Code Safari: Threading Ruby

During the week I had a problem: given a list of possible URLs, which ones are real? Seemed like a perfect job for a computer to solve. I reached into my Ruby toolbox, and found a couple of neat tricks along the way. In this week’s code safari we’ll be doing something slightly different—rather than investigating a popular gem, we will be discovering the Ruby standard library itself.

There are a few distinct parts to the URL problem. The first and most obvious is being able to tell whether a URL is active. I didn’t need to be 100% thorough, so I went with the simplest option—try to fetch something from the URL and see what happens. If no exception is raised, it is probably OK. Ruby has a few methods in the standard library for fetching content from URLs. Net/HTTP is the most common and flexible, but for simple cases I prefer open-uri, which sits on top of Net/HTTP and provides a really simple interface, especially for this problem:

require 'open-uri'

def link_valid?(url)
  open(url)
  true
rescue
  false
end

Note here that you can use a rescue block on a method, rather than having to open up a begin block. This is a neat trick that can tidy up your code by an indentation level. I have also used an open rescue (not specifying which exceptions to catch) which is usually bad form; you should be explicit about which errors you expect. In this case however, there are so many different possible exceptions that are poorly documented—such as SocketError, ArgumentError, and errors from the Errno family—and given we are only covering one single Ruby call, a blanket rescue will be sufficient for now.

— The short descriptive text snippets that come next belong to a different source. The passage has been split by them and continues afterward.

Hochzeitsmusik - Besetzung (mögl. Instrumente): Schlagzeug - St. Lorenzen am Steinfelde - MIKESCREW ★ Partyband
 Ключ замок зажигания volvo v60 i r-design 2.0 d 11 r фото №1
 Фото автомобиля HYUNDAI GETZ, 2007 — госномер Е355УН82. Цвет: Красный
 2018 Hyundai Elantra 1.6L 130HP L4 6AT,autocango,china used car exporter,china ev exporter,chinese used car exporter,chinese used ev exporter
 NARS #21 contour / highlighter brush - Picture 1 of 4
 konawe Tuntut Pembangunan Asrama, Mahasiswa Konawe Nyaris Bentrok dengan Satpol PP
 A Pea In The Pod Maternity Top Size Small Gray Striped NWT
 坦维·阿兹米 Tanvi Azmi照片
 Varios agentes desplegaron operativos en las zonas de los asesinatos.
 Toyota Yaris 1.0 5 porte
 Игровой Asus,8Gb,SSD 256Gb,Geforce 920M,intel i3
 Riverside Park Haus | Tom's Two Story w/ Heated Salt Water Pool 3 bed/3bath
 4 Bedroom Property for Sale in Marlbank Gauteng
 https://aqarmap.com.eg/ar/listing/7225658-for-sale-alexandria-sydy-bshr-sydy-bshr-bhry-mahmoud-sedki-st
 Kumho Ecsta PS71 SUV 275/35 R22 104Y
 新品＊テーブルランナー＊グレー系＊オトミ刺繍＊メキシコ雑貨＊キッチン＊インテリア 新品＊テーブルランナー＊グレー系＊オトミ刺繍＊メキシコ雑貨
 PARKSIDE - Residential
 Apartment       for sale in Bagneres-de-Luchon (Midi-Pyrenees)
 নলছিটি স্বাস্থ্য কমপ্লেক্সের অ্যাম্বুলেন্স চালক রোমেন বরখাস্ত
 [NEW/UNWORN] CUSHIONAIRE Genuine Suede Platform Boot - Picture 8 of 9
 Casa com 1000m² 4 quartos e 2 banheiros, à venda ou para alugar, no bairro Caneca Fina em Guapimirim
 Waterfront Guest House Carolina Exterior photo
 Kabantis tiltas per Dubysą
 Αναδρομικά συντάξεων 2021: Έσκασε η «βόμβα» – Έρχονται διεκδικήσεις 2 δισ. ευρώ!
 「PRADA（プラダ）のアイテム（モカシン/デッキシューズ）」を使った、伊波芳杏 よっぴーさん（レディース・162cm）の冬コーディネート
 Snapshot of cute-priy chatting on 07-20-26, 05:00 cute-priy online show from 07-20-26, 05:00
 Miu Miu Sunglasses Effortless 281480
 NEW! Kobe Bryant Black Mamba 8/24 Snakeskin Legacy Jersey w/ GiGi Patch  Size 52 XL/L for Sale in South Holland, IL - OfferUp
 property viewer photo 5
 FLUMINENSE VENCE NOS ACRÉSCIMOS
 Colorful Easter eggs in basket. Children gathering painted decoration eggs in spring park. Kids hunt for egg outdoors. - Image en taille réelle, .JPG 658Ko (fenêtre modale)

Now that we have a method for checking link validity, let’s throw some data against it.

urls = %w(
  http://www.sitepoint.com
  http://xaviershay.com
  http://twitter.com
  not_a_link
  http://bogus.bogus
)
 
invalid_links = urls.reject {|x| link_valid?(x) }
 
puts invalid_links

As expected, this code prints out the last two fake URLs.

Progress Please

That would be the end of the story, except it took a fair while to check each link, and there were no progress updates along the way. For five URLs this might be fine, but my list was thousands long. How did I know the program hadn’t just hung? It would be easy to just throw a puts inside the reject block, but that’s not very flexible. Let’s move the code into a method that gives us some room to move and play around with this code.

def validate_urls(urls)
  urls.each do |url|
    yield url, link_valid?(url)
  end
end
&nbsp;
validate_urls(urls) do |url, valid|
  puts "#{url} was #{valid ? "valid" : "invalid"}"
end

We now get updates as each URL is checked.

More Speed

This is nice, but we haven’t solved the underlying problem. We have just made visible how slow this code is. The main problem is that a URL may take a while to open for any number of reasons, be it DNS resolution, the server running slow, or just a slow internet. Since we are processing the URLs sequentially, while we are waiting for one URL we can’t do any other work and our code just sits there idle. Since each URL check is independent of any of the other checks, this is a perfect case for parallelization, or checking more than one link at the same time. There are a few techniques for doing this kind of thing (I covered a Fiber-based approach a few weeks back), but the simplest in this case is to use Thread.

If you are really interested in Ruby concurrency or going to use it heavily, it is worth reading up on how your version of Ruby implements its threading model since there are some important caveats and differences between implementations. For this casual usage though it is sufficient to know simply that they allow us to do more than one thing at the same time.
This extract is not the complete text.